This Is The Difference Between Muhammara And Harissa

As the world gets a little larger, more and more cuisines begin to step into the global spotlight. The migration of Italians to the United States brought over foods like pizza, pasta, and Parmigiano Reggiano. The migration of Asians brought over things like kimchi, curry, and sushi. And the migration of Middle Easterners introduced foods like hummus, za'atar, and labneh.

Recently, there has been a big push in the culinary world into the expansion of Middle Eastern cuisine (per Insider), ushering the way for more and more restaurants to take hold and build up a stronger following. Common foods within Middle Eastern culture aren't limited to things like hummus and za'atar. More and more restaurants are beginning to serve things like tabbouleh, halloumi, and baba ghanoush (via CNN).
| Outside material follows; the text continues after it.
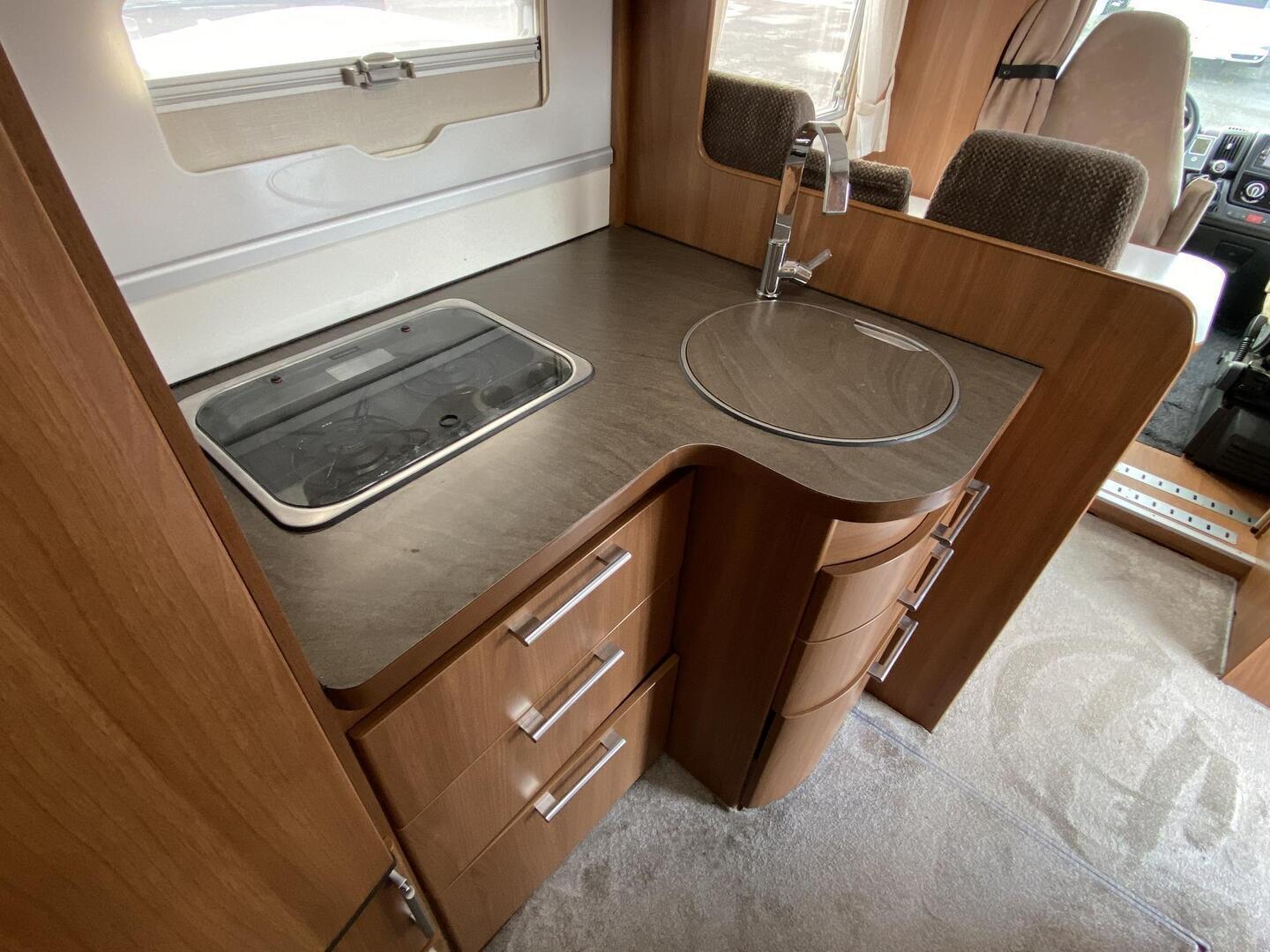 KABE Travel Master 730 LB 2012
Other dishes on the roster are dishes like muhammara and harissa, which at first might seem similar, but are totally different (via the kitchn and Nomad Paradise).

Muhammara and harissa both red in color, but one is a dip and the other is a condiment

According to Nomad Paradise, muhammara is a roasted red pepper dip that is normally thick, with a creamy-like texture. The Mediterrean Dish explains that this Middle Eastern dip packs a lot of smokey and savory flavors and is often incorporated within a mezze platter. The kitchn reports that harissa is more of a chile pepper paste that packs a kick. Bon Appétit adds that, depending on who is making it, harissa's spice level can range anywhere from mild to very, very hot.

To make muhammara, Nomad Paradise says that you will need red peppers, walnuts, breadcrumbs, olive oil, garlic, salt, lemon juice, and pomegranate molasses. Another The Mediterrean Dish report relates that harissa requires dry red chiles, roasted red peppers, tomato paste, garlic, citrus juice, olive oil, and a blend of spices.

Something that the two have in common is that you can eat them with anything. Bon Appétit states that you can have harissa with eggs, in yogurt, and on vegetables. Muhammara, on the other hand, can be eaten with toast, kebabs, and grilled meats, per Nomad Paradise.